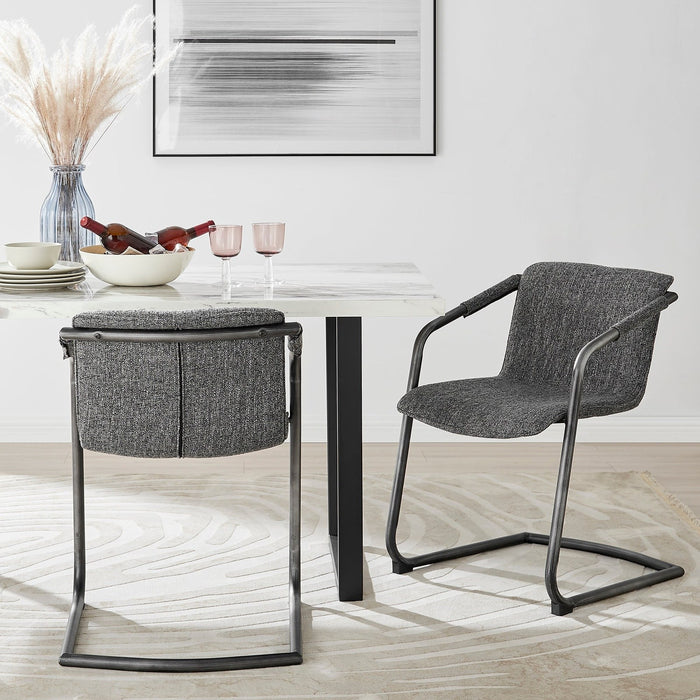 New Pacific Direct Indy Fabric Dining Side Chair, Set of 2 1060029-219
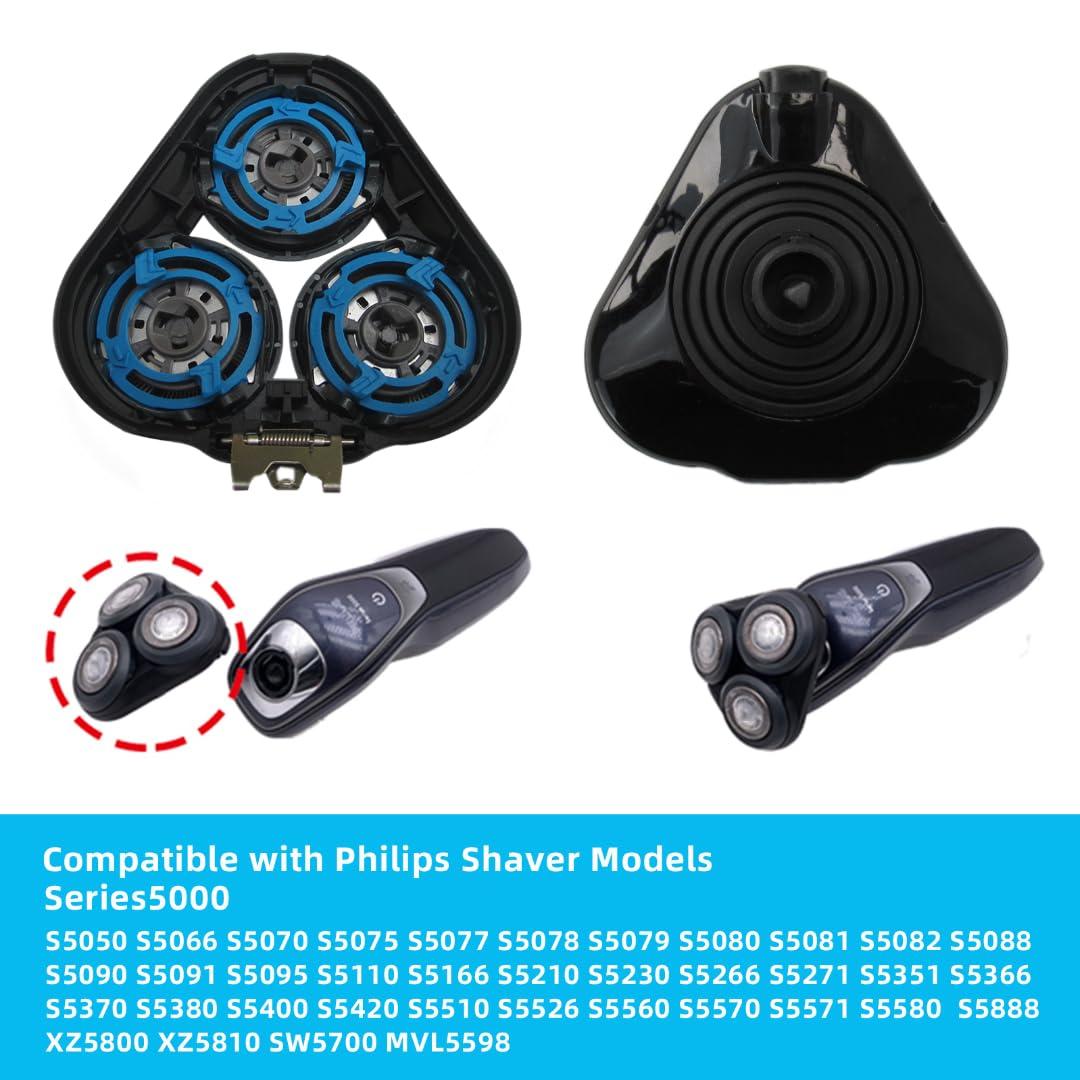 INGQI 2023 New SH30 Replacement Heads for Philips Norelco XA525 YS523 YS524 YS526 YS527 YS534 YS536 YQ300 YQ306 YQ308 YQ318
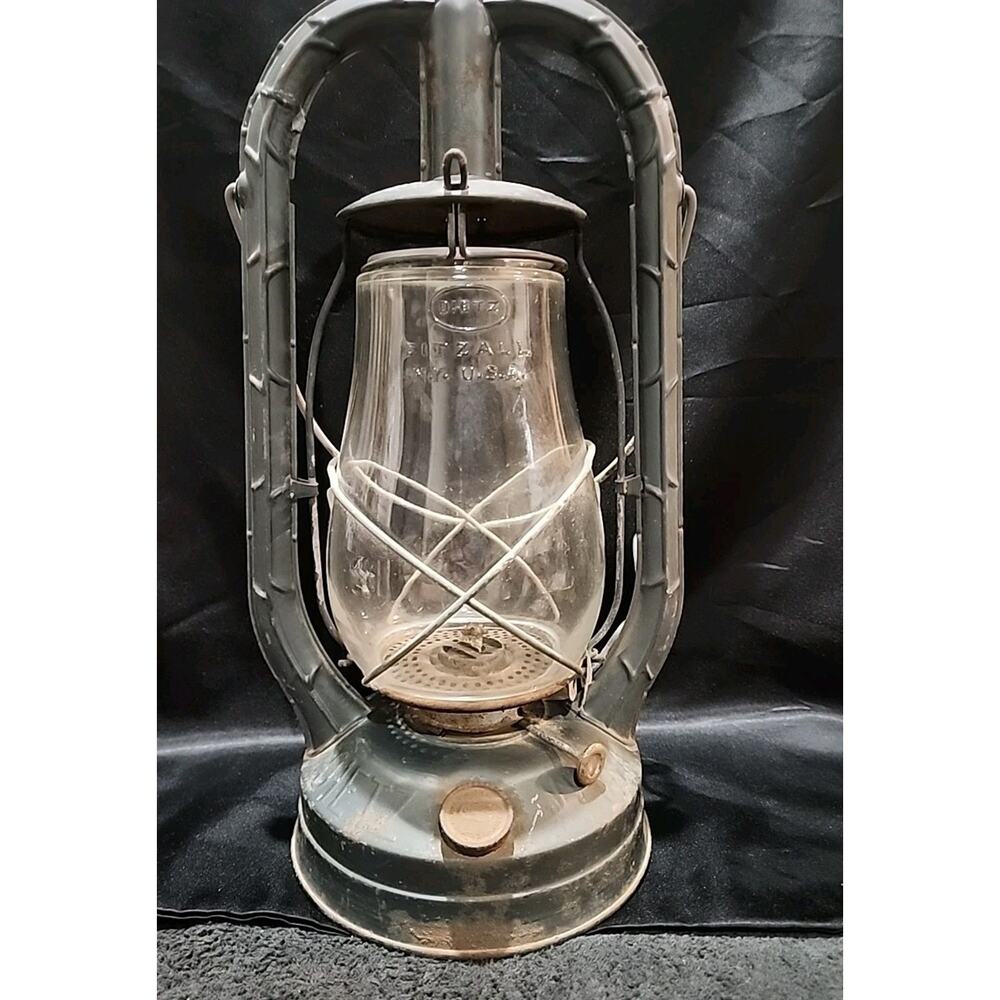 Vtg Dietz Hy Lo Karosene Lantern Fitzall 2H Loc Nob Globe New York USA Monarch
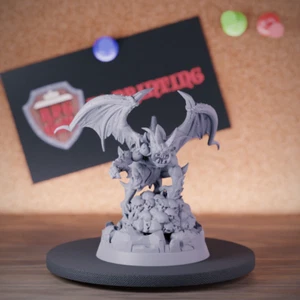 Small Fiend Miniature Demon Fiend Dungeons and Dragons Mini DnD 5e TTRPG - Picture 1 of 8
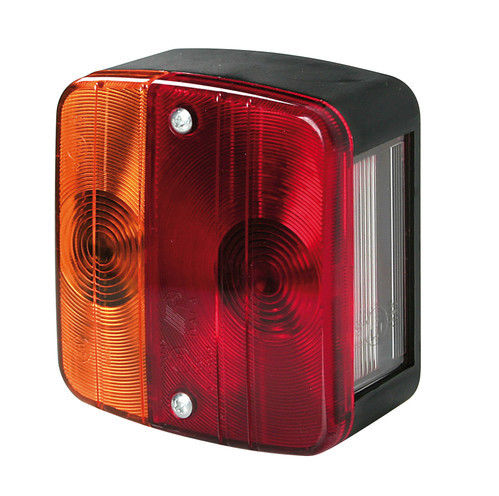 Basic, fanale posteriore 4 funzioni 12V Posizione, stop, direzione, luce targa.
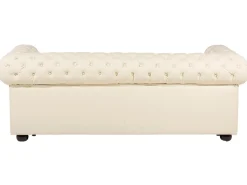 Sofa 3 personers CHESTERFIELD Ægte læder Lys Beige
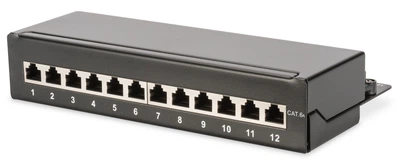 Digitus Патч-панель Desktop, 12 портів, 6A STP в зборі, RAL 9005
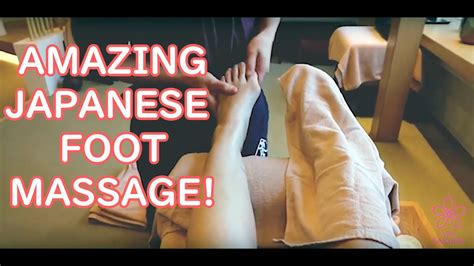 Stay Sakura Kyoto Introduce Arashiyu Foot Massage And Foot Spa Youtube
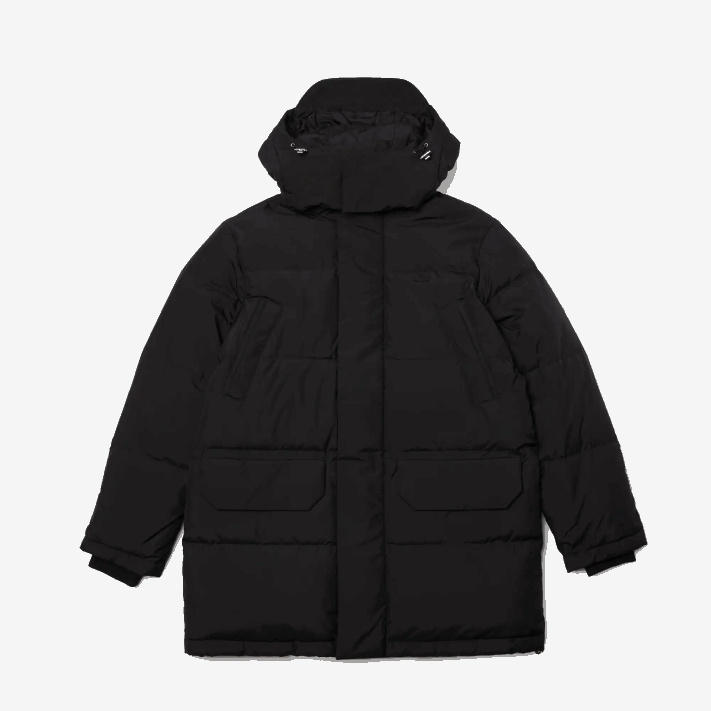 Lacoste casaco puffer longo com capuz destacável homens preto 031 88BL1317 - Image 6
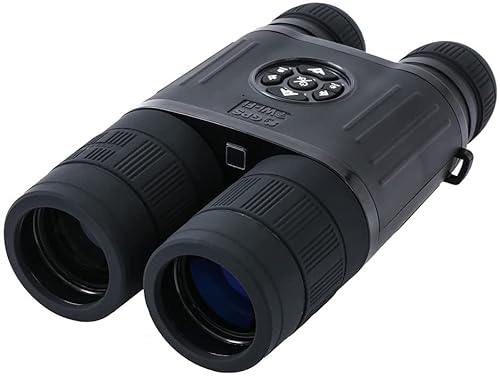 Teslord Night Vision Binoculars with Photo & Video Capture, Digital Infrared Goggles for 1000M Viewing in Darkness Black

### [TASK]
Take the lines from the one containing "Lacoste casaco puffer" through the last line of the listing and repeat them exactly. Omit the pictures.

### [ANSWER SPACE]
 Lacoste casaco puffer longo com capuz destacável homens preto 031 88BL1317 - Image 6
 Teslord Night Vision Binoculars with Photo & Video Capture, Digital Infrared Goggles for 1000M Viewing in Darkness Black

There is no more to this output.